He denied the whole thing and claimed it was a “misunderstanding,” until he realized I had proof. He then resorted to crying, too, and begged, promising it would never happen again.
If I could go back, I would have reacted differently. I would have calmly explained to him what I discovered and politely told him to find a new girlfriend – one who would put up with disrespect and six months worth of lies. But I didn’t.
Instead, I took him back, and six months later, he cheated again.
I wish I could say I left him and moved on, but it is never that easy. This incident only led to the downward spiral of our relationship and his eventual end of things, for good.
This does not say a lot for my judgment or emotional strength, but I am proud to say I have already survived my first heartbreak, and it made me see the light at the end of a nightmarish romance.
I now refuse to trust people until they’ve earned it. I’m not going all bitter ex-girlfriend on society and discrediting true love – I just acknowledge that not everyone is worthy of my trust and dedication, and those who are will prove it with time.
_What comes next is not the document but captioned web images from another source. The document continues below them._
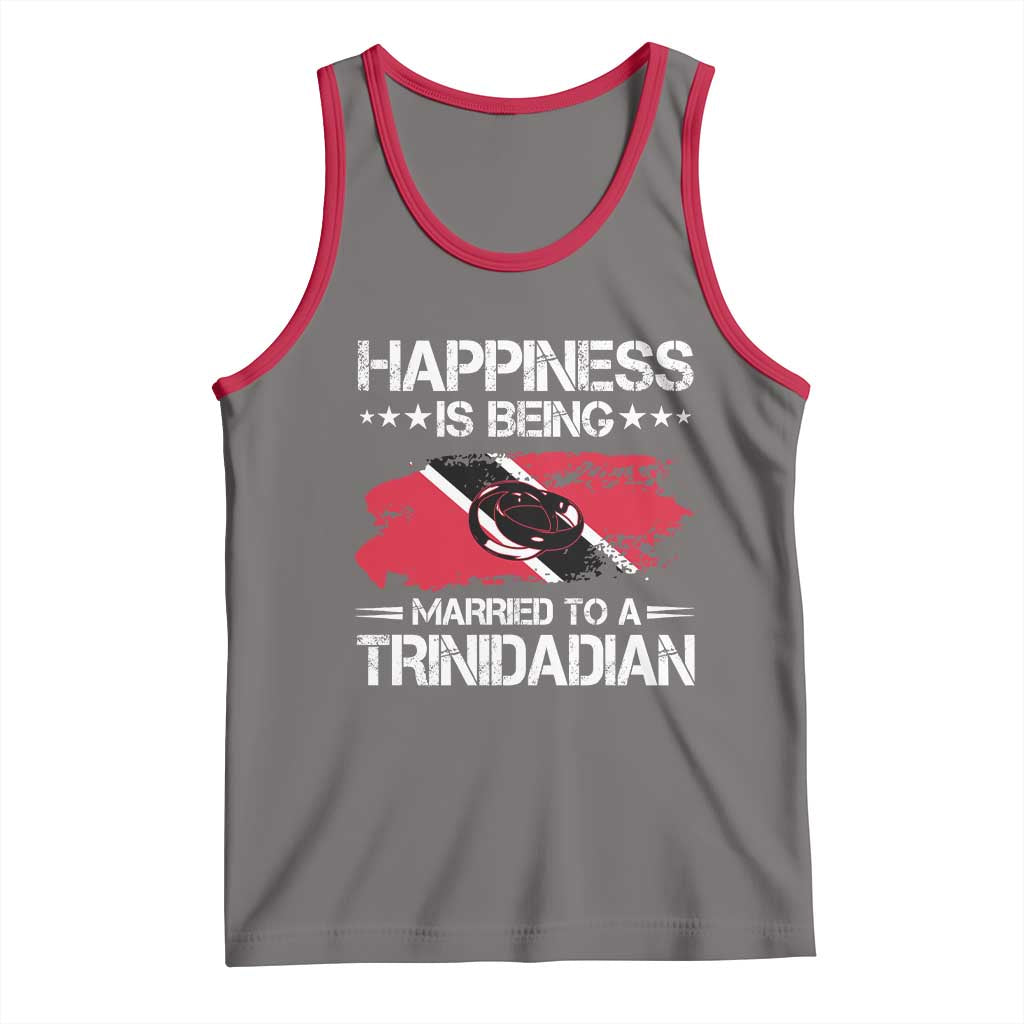 Happiness Is Being Married to a Trinidadian Tank Top Trinidad & Tobago Flag Couples Gift TS10 Deep Heather Red Print Your Wear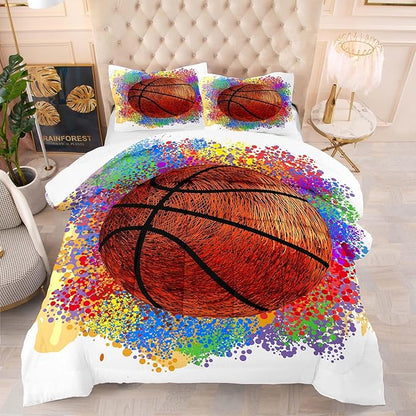 Tailor Shop Basketball Bedding Set for Boys Kids Teens,Sports Queen Size Comforter Set,Kids Basketball Comforter Sets with 2 Pillowcases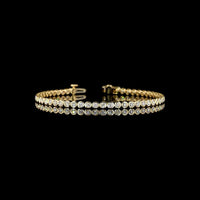 14K Yellow Gold 7" Tennis Bracelet with Bezel Set Round Brilliant Lab Diamonds - 2.52 Carat Total Weight - Covaloro Fine Jewelry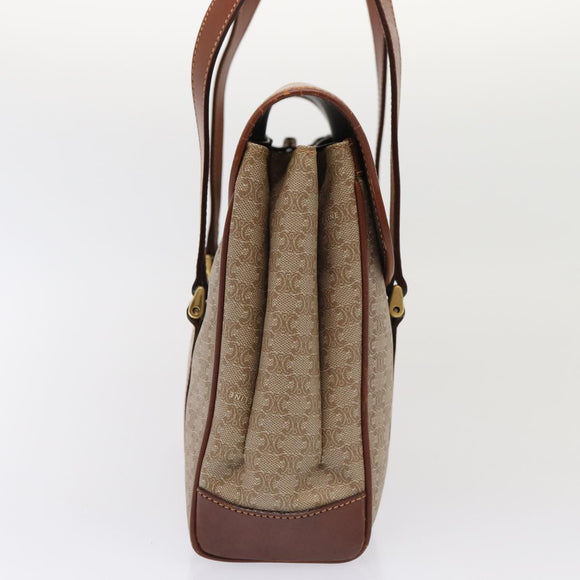 CELINE Macadam Canvas Hand Bag Beige Gold Auth 86426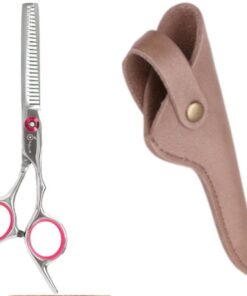 Professor Q Effileerschaar voor haar – met brons etui – roze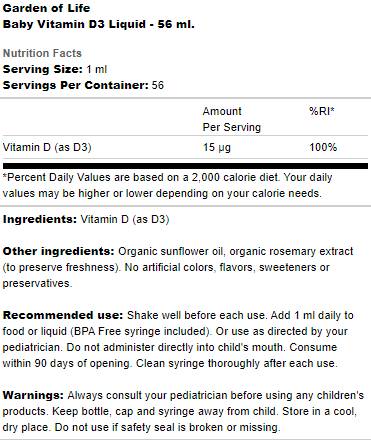 Baby Vitamin D3 Liquid - 56 мл - Feel You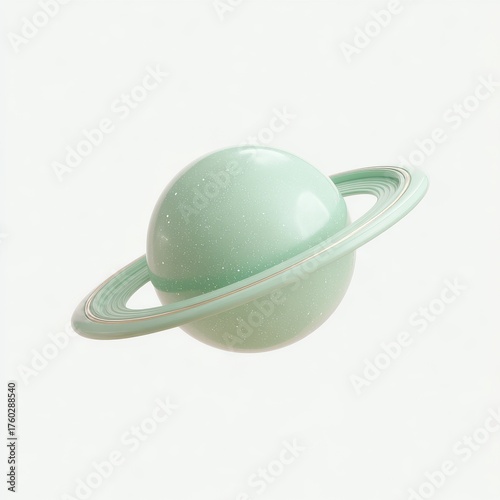 Pastel Green Planet with Rings 3D Render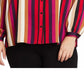 Blusa feminina Vince Camuto Mayfair listrada com babados e cetim, vermelha, tamanho 3X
I also promised myself I would never cheat. It’s not as though I considered it in the past, but after being scorched by disloyalty, I know I could never put someone through the same thing.
If I am in a relationship, I am dedicated to it, and if I’m tempted to cheat, then the relationship should probably end.
But the most important thing I learned was to be understanding of other people’s situations and to never judge someone else’s decision.
I did not make the best decision, and I understand I should have had the courage to leave my ex and stand strong, but I didn’t. I was in love, and I didn’t want to believe it happened.
My friends judged my decision harshly, so when the same thing happened to one of them, I gave her my advice, but I also held her hand and told her I supported her and only wanted her to be happy.
And that’s what I really needed – not a lecture on being strong or finding some self-respect.
I am not going to lie and say I wouldn’t take that relationship back. Of course I would, and I would change a lot of my decisions. But the best way to pay back all those two-timing scumbags is to take the heartbreak they cause and twist it into self-discovery and confidence.